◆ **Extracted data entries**
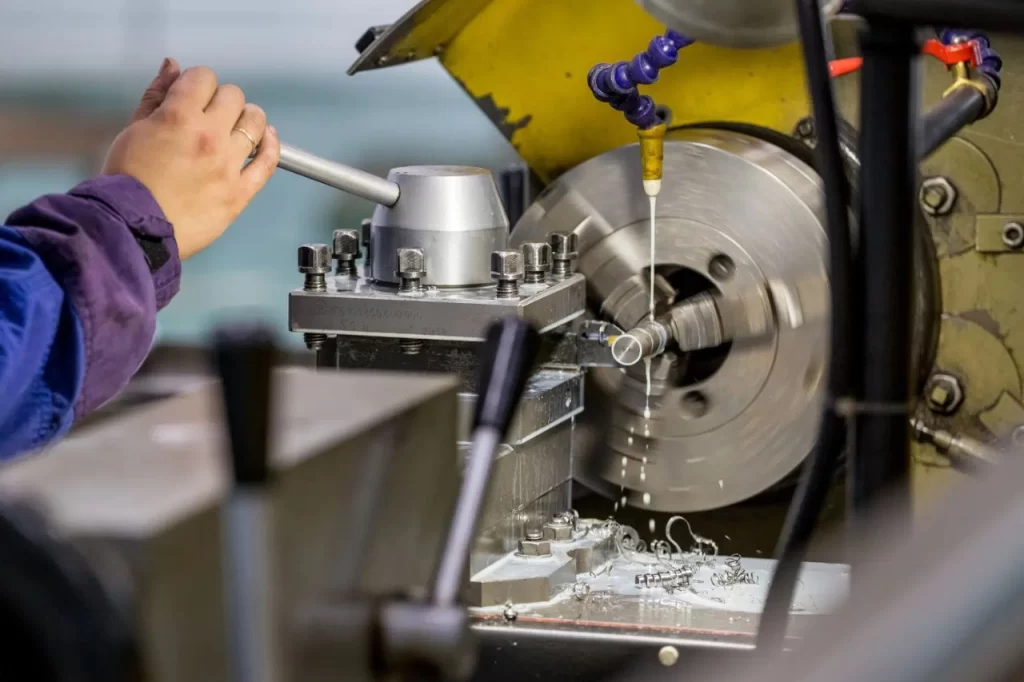 A technician adjusts machinery with a wrench in a workshop, focusing on lathe works, precision engineering, and manufacturing processes.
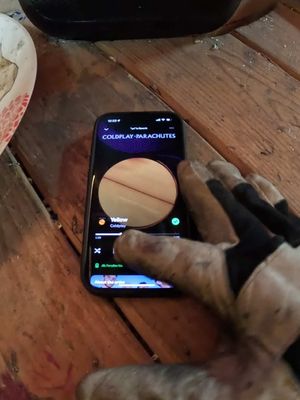 The image shows a close-up of a person's hand, covered in a work glove, holding a smartphone. The phone's screen displays the music app, Spotify, streaming ‘Yellow’ by Coldplay. The circular album art is visible, with a wooden surface in the background. A part of a blurred plate and what appears to be a black object is visible in the background.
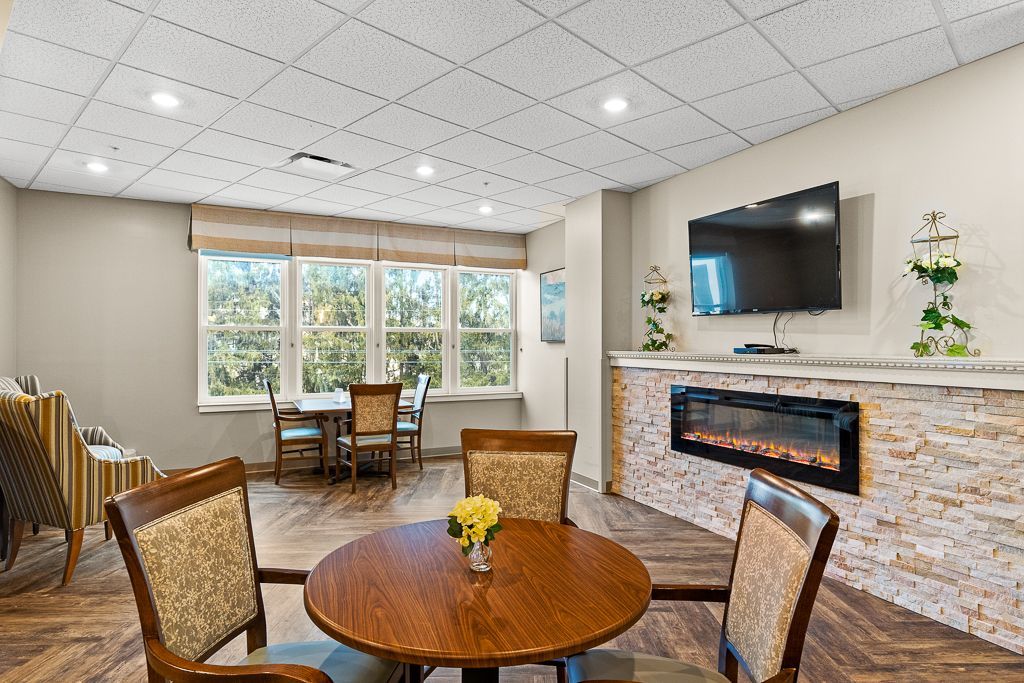 Cozy lounge area with fireplace, TV, round table, and chairs near windows.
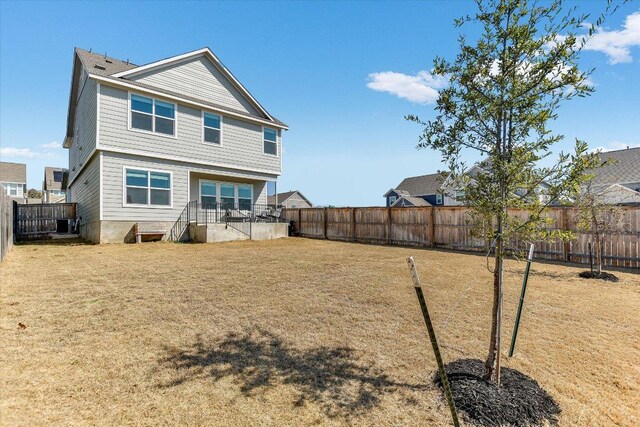 101 Wind Flower Ln, Liberty Hill, TX 78642 - rear view of property with a fenced backyard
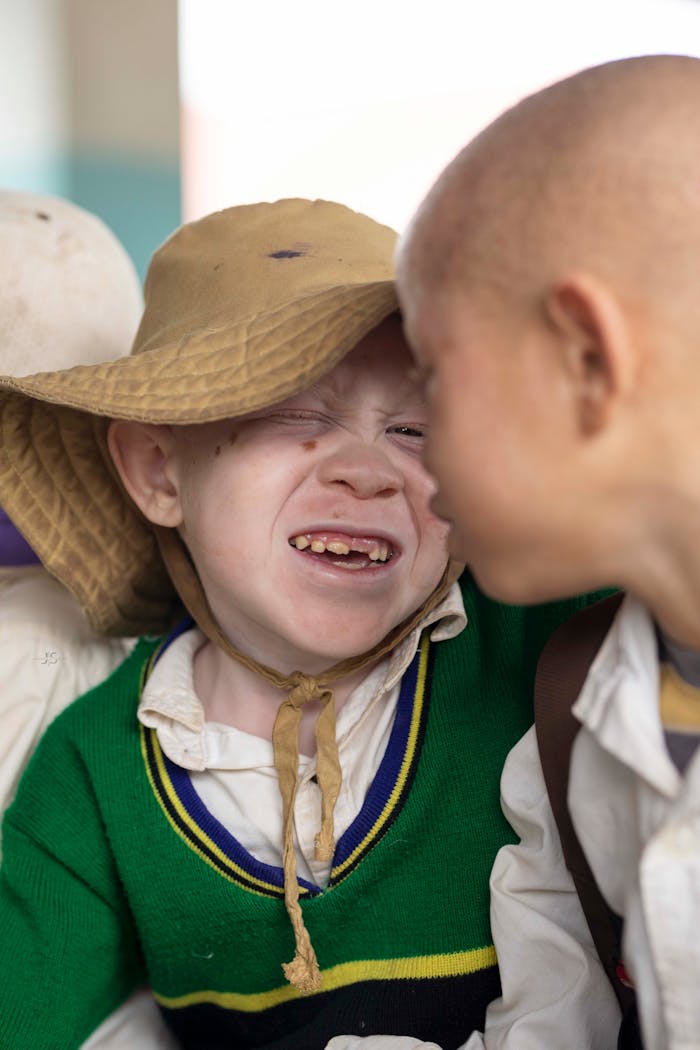 Portrait of two children sharing a playful moment in Tanga, Tanzania.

◆ **Exercise**
Give back only the lines from the one that carries "101 Wind Flower" through the final line above, both included. Drop all pictures.

◆ **Reply to the task**
 101 Wind Flower Ln, Liberty Hill, TX 78642 - rear view of property with a fenced backyard
 Portrait of two children sharing a playful moment in Tanga, Tanzania.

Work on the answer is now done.